En définitive, on pourrait croire, à première vue, que l’approche de troisième niveau des juges québécois diffère sensiblement de l’approche française. Au Québec, le juge qui fait face à des expertises multiples et contradictoires doit justifier son choix, notamment en expliquant pourquoi il rejette une expertise, mais en admet une autre. Cette explication donne lieu à une motivation souvent élaborée sur la force probante de telle ou telle expertise dans les jugements québécois, alors qu’en France le juge se contente de s’en référer à l’opinion d’un expert sans préciser la raison pour laquelle il trouve l’expertise probante. En réalité, derrière cette apparente opposition, nous voyons des similarités dans le traitement de la preuve scientifique. Dans chacun des systèmes judiciaires, nous observons un processus d’assimilation de la connaissance scientifique par le juge. Lorsque ce dernier adopte l’opinion d’un expert, cela signifie qu’il comprend cette opinion, qu’il est capable de la décrire, puis d’en tirer des conséquences dans son raisonnement. On peut parler d’un phénomène d’appropriation du savoir scientifique par le juge et ce phénomène passe par la médiation de l’expert.
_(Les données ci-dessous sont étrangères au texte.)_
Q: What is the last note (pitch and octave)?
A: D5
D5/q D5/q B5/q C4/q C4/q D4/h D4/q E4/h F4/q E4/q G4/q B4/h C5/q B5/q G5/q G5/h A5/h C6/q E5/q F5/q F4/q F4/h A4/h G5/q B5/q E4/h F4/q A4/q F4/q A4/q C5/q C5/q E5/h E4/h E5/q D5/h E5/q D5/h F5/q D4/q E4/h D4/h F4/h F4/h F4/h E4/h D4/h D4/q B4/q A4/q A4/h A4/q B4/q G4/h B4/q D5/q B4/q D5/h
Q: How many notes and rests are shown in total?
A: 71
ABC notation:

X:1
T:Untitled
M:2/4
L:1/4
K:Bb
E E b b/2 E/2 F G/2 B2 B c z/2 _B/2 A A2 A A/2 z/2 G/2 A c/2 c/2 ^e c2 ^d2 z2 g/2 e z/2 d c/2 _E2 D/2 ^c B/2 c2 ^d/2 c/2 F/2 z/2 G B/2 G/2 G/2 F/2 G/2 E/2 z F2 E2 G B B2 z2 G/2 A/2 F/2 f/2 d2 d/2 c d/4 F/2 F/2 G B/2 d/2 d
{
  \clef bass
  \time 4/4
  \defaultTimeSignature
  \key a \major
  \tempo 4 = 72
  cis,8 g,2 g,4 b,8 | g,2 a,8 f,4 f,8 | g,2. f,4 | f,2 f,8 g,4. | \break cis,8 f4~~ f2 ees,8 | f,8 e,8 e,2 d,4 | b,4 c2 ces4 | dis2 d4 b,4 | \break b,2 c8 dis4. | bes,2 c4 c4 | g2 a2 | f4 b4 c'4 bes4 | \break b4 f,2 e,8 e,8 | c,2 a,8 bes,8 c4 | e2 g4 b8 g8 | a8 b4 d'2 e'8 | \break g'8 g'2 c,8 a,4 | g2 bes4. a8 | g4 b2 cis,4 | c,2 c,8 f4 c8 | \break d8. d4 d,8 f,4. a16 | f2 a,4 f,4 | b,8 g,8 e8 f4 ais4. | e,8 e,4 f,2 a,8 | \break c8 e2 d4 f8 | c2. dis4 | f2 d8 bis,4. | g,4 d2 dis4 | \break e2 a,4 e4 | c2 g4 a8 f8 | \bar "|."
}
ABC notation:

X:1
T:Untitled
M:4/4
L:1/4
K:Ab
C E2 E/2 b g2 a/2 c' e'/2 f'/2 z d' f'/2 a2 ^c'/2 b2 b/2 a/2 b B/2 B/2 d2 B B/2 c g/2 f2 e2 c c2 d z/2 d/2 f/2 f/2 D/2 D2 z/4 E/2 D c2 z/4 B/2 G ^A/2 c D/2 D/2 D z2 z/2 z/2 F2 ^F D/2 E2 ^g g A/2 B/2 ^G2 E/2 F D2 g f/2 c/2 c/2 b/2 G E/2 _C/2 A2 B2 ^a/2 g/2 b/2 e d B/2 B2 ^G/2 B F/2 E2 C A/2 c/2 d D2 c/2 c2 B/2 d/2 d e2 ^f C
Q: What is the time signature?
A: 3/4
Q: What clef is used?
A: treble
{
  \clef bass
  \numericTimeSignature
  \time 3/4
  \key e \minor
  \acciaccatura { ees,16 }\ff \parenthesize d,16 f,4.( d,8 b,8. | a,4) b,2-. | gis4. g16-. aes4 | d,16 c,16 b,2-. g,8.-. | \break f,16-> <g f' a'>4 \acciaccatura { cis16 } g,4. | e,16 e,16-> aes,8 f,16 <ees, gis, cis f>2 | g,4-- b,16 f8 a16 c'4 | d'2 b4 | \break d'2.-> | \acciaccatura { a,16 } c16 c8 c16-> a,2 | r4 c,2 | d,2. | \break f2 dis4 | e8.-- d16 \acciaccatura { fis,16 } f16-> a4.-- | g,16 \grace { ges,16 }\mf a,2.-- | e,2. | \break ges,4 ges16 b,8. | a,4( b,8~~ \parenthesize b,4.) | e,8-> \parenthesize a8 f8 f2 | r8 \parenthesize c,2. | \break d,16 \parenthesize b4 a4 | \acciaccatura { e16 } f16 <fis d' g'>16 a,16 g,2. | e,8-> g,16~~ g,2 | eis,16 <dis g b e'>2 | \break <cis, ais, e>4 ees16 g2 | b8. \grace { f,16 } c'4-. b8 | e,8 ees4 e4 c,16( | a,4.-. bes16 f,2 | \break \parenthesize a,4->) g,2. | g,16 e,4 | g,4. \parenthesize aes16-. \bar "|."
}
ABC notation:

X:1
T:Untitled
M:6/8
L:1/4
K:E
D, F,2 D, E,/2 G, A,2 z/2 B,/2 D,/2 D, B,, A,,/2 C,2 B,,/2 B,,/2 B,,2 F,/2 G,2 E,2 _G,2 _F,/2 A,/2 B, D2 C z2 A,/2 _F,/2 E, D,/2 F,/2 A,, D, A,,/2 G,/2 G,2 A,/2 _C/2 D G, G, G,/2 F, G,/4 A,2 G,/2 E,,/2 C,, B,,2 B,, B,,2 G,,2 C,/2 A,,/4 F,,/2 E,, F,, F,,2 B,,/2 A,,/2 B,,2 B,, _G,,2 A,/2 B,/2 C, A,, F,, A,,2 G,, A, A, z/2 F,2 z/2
Là où le juge québécois se distingue du juge français, c’est qu’il doit s’expliquer plus en détail sur les raisons qui le conduisent à préférer une opinion expertale plutôt qu’une autre. Une autre distinction observée concerne la preuve d’expert portant sur la causalité qui est susceptible de faire l’objet en droit québécois d’un choix strictement fondé sur les règles du droit de la preuve (pertinence, objectivité, etc.), et d’un autre plus centré sur la substance de l’opinion et basé sur le degré de probabilité de la théorie scientifique présentée à la lumière de l’ensemble des faits mis en preuve. Il faut rappeler que le phénomène d’appréciation de la force probante de l’opinion expertale est appelé à être modifié par l’adoption de l’expert commun dont le dépôt du rapport tient lieu de son témoignage, mais nous doutons, comme nous l’avons déjà mentionné, que celle-ci devienne la norme dans les affaires scientifiquement analogues à celles que nous avons étudiées.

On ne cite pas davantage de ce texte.